Space, the Final Frontier
Is space in us, or are we in space? A weird question, for sure.
Let me see if I can make sense of it. It’s pretty easy for us to think of ourselves as in space. When you look around your room, you see iPod there, chair here, two feet from the iPod. And you think of yourself as a certain distance away from both of them, so that one can turn up as closer than the other. You can think of this kind of space as “Newtonian” — it’s an “objective” kind of space (for want of a better term), as it turns up in scientific theories and explanations, and so on. But is that it? Is Newtonian space the only kind of space that we experience?
It’s typical of the Existentialists (I’m thinking of Heidegger specifically) to think that Newtonian “objective” space is not the kind of space that is particular to your existence. It may pertain to things, but you’re not a thing. You’re a ‘subject’ in a way, something that ‘comes at’ the world as opposed to just lying around ‘taking up space’. Instead, space is in you, it permeates your existence.

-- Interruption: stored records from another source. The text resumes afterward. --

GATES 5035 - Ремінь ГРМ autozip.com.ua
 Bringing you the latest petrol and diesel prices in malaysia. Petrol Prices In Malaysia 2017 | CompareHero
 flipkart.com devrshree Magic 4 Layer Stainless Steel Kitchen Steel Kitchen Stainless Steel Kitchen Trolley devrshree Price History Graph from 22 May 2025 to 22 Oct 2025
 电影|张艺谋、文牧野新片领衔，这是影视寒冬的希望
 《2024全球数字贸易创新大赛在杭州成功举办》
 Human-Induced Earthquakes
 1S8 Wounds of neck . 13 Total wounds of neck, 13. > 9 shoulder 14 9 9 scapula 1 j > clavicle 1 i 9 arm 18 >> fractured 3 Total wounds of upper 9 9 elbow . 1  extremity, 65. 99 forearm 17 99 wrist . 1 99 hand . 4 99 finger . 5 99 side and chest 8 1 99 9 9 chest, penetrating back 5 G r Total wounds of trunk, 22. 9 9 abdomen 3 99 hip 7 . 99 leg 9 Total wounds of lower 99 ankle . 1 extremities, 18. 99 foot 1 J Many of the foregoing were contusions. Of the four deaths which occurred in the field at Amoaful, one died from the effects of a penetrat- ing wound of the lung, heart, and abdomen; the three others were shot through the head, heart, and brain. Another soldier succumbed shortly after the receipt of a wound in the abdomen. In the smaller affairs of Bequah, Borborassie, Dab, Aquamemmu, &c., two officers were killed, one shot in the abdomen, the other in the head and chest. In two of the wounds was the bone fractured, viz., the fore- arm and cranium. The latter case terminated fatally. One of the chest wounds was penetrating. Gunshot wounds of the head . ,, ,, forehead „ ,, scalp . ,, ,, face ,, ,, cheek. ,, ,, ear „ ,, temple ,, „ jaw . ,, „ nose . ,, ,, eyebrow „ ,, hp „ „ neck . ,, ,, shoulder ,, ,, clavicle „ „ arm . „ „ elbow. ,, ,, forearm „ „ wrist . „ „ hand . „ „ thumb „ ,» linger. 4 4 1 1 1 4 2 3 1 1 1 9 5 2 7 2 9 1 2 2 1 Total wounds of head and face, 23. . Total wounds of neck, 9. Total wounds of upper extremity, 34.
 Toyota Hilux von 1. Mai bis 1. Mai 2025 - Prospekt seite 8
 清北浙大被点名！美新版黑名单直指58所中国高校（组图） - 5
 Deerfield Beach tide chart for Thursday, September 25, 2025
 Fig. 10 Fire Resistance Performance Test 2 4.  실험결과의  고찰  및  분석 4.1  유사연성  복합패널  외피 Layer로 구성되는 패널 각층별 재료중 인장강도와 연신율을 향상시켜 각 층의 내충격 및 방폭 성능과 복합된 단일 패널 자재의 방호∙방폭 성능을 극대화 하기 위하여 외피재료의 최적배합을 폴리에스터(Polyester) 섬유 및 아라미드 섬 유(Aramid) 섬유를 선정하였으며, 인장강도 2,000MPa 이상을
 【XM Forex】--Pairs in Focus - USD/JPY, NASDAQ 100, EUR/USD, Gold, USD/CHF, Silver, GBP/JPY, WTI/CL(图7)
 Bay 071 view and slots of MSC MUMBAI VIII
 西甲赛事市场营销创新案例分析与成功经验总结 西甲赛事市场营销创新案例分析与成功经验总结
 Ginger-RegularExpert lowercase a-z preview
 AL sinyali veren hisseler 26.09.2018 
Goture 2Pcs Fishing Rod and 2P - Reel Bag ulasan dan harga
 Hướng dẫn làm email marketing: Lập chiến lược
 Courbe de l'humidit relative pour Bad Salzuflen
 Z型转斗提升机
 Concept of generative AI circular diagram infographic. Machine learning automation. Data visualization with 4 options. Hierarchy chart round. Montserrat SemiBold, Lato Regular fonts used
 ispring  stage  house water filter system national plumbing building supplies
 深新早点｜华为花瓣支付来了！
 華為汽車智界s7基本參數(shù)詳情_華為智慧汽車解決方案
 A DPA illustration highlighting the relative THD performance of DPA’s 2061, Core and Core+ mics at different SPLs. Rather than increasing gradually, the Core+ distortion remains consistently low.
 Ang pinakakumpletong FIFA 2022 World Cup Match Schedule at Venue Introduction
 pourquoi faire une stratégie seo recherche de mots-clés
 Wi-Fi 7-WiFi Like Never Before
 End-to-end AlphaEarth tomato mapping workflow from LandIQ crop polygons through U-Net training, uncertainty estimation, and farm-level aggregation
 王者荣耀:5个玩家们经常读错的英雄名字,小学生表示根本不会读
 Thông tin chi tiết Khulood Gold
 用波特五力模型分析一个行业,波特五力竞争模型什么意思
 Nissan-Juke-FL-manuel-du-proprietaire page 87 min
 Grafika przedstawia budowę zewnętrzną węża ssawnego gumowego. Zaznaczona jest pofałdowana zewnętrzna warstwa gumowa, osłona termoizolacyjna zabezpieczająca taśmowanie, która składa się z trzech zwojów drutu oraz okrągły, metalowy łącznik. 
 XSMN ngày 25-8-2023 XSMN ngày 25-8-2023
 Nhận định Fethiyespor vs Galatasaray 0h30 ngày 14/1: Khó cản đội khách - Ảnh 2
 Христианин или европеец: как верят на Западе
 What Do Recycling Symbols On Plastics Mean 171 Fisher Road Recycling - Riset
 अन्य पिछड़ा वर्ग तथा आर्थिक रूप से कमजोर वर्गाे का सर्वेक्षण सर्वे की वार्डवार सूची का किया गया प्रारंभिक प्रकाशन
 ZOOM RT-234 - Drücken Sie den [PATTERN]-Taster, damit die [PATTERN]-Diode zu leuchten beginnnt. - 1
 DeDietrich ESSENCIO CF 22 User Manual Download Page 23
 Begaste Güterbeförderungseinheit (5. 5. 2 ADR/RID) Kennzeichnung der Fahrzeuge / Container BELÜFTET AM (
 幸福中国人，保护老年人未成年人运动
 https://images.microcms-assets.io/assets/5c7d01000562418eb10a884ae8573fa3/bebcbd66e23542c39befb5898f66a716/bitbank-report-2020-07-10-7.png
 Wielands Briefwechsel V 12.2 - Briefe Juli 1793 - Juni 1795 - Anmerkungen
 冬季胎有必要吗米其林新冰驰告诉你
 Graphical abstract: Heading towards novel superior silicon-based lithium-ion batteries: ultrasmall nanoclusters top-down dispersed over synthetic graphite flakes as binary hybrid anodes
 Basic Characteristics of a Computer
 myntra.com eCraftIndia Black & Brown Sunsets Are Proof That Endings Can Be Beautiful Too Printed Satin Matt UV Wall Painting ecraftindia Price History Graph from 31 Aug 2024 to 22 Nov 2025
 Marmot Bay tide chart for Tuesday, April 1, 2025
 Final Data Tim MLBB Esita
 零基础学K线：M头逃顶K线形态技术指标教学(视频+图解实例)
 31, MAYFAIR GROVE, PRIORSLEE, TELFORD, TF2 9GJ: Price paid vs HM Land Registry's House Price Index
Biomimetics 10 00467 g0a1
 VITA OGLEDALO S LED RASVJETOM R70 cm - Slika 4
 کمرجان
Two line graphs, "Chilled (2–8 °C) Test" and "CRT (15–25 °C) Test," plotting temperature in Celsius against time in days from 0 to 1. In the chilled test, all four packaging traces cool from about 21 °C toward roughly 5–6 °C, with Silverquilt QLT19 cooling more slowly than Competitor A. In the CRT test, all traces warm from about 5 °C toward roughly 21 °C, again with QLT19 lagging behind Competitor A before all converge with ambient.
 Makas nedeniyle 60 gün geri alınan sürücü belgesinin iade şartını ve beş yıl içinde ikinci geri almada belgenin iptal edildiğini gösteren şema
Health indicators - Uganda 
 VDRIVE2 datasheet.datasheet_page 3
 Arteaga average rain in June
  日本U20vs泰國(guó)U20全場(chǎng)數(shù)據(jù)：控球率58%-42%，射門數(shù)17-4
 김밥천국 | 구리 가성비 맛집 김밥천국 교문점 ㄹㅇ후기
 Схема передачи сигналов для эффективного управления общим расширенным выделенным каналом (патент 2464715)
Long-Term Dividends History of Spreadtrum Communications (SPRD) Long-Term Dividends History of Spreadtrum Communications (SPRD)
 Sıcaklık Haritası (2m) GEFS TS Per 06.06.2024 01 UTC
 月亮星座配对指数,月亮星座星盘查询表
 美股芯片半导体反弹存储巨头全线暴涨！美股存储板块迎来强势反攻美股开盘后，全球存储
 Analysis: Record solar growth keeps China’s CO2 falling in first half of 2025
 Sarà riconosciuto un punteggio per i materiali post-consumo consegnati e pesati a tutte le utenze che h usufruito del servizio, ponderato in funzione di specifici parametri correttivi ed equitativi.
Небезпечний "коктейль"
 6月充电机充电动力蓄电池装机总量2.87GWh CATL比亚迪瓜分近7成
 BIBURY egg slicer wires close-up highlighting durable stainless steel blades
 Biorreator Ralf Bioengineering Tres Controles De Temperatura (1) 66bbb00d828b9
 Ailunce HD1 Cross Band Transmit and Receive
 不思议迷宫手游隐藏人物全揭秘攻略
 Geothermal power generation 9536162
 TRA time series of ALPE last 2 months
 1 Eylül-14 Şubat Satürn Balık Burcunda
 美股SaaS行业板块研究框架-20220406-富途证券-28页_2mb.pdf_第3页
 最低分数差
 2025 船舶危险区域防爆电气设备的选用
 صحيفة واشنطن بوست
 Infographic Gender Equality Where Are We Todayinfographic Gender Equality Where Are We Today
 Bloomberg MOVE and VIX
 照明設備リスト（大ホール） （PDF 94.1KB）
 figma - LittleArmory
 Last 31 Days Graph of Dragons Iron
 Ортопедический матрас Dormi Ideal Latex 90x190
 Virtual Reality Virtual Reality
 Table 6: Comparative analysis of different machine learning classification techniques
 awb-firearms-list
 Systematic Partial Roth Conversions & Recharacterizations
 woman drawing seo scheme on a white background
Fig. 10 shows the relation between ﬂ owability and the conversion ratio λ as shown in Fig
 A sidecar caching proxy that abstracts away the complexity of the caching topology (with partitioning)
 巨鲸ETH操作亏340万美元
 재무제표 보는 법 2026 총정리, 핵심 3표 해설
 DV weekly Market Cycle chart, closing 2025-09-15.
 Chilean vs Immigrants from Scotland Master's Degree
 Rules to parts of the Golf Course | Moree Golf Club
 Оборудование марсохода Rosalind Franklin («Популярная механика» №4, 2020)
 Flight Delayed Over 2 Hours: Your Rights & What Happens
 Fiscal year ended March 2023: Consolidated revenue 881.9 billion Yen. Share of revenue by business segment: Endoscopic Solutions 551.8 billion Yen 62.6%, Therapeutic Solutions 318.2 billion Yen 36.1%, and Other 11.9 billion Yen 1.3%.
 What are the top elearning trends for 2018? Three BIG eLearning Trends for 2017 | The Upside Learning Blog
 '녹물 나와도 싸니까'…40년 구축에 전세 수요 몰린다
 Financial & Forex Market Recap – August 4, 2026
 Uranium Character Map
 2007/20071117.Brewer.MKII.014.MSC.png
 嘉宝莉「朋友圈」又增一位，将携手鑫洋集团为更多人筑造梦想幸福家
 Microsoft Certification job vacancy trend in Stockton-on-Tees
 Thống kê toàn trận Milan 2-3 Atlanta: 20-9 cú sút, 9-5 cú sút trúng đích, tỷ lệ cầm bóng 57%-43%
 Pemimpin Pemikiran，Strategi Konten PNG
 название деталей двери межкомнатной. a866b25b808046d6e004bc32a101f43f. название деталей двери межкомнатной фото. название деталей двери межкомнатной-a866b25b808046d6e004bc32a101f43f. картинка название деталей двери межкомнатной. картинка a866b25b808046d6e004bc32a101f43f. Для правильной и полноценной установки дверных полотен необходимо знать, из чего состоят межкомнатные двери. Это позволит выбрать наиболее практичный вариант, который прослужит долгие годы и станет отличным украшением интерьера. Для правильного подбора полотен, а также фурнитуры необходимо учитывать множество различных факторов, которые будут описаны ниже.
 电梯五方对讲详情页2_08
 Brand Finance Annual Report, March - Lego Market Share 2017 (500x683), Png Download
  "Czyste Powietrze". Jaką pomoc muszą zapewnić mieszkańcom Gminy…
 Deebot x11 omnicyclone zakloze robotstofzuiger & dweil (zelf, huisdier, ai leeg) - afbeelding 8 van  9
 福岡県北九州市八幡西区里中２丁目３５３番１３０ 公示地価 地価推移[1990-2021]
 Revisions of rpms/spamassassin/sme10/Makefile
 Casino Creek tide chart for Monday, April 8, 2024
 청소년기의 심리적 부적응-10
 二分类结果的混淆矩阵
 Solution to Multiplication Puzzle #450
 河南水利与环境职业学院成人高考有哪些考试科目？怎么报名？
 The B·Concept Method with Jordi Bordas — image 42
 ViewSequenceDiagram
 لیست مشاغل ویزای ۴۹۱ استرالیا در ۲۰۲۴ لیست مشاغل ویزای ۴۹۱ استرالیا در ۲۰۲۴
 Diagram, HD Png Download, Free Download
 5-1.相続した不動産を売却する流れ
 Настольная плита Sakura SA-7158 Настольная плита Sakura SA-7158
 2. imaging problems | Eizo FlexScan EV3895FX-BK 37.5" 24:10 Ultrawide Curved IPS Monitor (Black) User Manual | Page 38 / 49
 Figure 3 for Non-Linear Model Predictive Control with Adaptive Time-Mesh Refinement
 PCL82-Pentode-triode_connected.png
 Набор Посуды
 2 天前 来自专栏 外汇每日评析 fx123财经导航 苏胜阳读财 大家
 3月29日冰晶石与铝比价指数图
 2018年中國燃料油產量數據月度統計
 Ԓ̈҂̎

For the Existentialist, human existence is different from thing existence primarily because the latter is based in what might be called involvement, specifically a kind of involvement with one’s plans and projects, with one’s aims — with who one is struggling to be. Insofar as I exist in this way, space has a different meaning. We use the term “in” in a very different fashion. We say things like:
- He’s in love.
- He’s in philosophy.
- What’s he gotten himself into?
When we say such things we tend to mean ‘relational located-ness’ or something of that sort. Notice that when you think in these terms, phrases like “close to” or “far from” also take on a different meaning. When I am primarily concerned with my relationships, certain people are close whereas others are distant. A person standing next to you in a Newtonian way might be quite far from you in an existential sense. Or you might say something like the country song suggests: “I stand by my (wo)man” where this doesn’t mean literally standing next to someone in a Newtonian way, but rather means being determined to assure that my involvements and those of my partner as closely related.
Basically, this way of understanding the world is existential space, as opposed to Newtonian space. Do you buy it?
- Is Existential space really just a metaphor? Or is it just as “real” as Newtonian space?
- Which of the two is primary? Do we generate our notion of existential space from Newtonian space, or do we derive our notion of Newtonian space from existential space? Or neither?